Sahra Wagenknecht

"Sie sind zu feige, sich mit den Wirtschaftsmächtigen anzulegen!"

Rede von Sahra Wagenknecht in der Bundestagsdebatte zum sogenannten Rettungspaket für Griechenland am 07.05.2010

07.05.2010

Zum Video der Rede

Sahra Wagenknecht (DIE LINKE):

Herr Präsident! Verehrte Kolleginnen und Kollegen! Es sind in dieser Debatte viele hochtrabende Worte gefallen. Herr Schäuble hat schon im Vorfeld darauf hingewiesen, dass es darum gehen muss, einen Flächenbrand zu verhindern. Merken Sie wirklich nicht, dass der Flächenbrand längst da ist und dass Sie gerade dabei sind, Steuergeld in Höhe von 22 Milliarden Euro in dieses Feuer zu werfen, in ein Feuer, in dem es wahrscheinlich auf Nimmerwiedersehen verloren sein wird, genauso verloren wie die Milliarden, die Sie in die IKB und HRE versenkt haben?
Ich muss sagen, dass ich schon etwas verblüfft über die Rede von Herrn Gabriel gewesen bin.

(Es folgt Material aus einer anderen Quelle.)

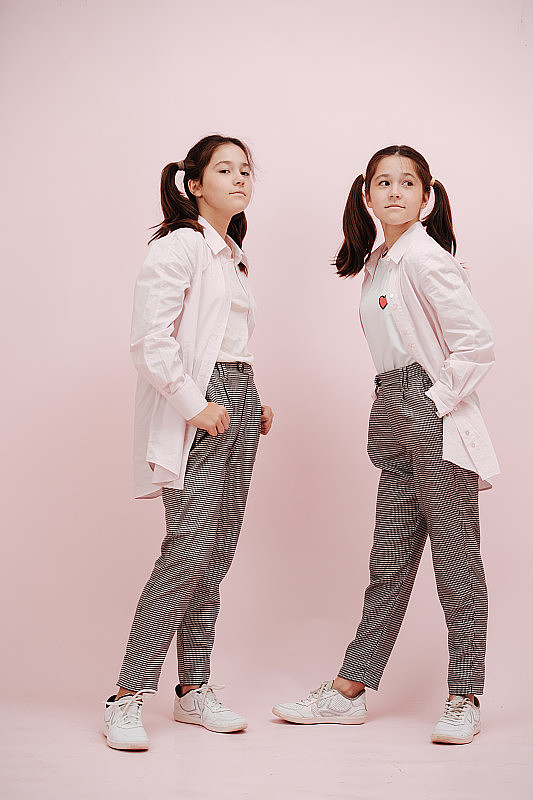 时尚的双胞胎女孩分层白衬衫在粉红色的背景。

(Sigmar Gabriel (SPD): Dann muss ich eine gute Rede gehalten haben, wenn Sie verblüfft sind!)

Herr Gabriel, entweder leiden Sie unter Gedächtnisverlust oder ich; denn Sie haben die Rettungspakete von 2008 kritisiert. Wenn ich es richtig im Kopf habe, war 2008 die SPD in der Regierung, und Sie waren Minister. Ich hätte mir eine solche Rede, wie Sie sie hier gehalten haben, 2008 von Ihnen als Minister der damaligen Großen Koalition gewünscht.

(Beifall bei der LINKEN sowie bei Abgeordneten der FDP)

Zurück zur Regierung. Sie sagen: Wenn wir dieses Hilfspaket jetzt nicht beschließen, dann fliegt uns die Währungsunion um die Ohren. Ich sage Ihnen: Die Währungsunion wird uns um die Ohren fliegen, wenn Sie weiter in Deutschland dieses rabiate Lohndumping betreiben, mit dem wir die anderen Euroländer totkonkurrieren.

(Beifall bei der LINKEN)

Die Währungsunion wird uns um die Ohren fliegen, wenn Sie Zockerbanken und Hedgefonds weiter spekulieren lassen, wenn Sie weiter zulassen, dass ganze Staaten in die Pleite spekuliert werden und wenn Sie die aberwitzigen Finanzinstrumente, die das alles ermöglichen, nicht endlich verbieten.

(Beifall bei der LINKEN)

Griechenland ist doch kein Einzelfall. Es gibt fast kein Land, das nicht in kürzester Zeit bankrott wäre, wenn es plötzlich 14 Prozent Zinsen auf seine Schulden zahlen müsste.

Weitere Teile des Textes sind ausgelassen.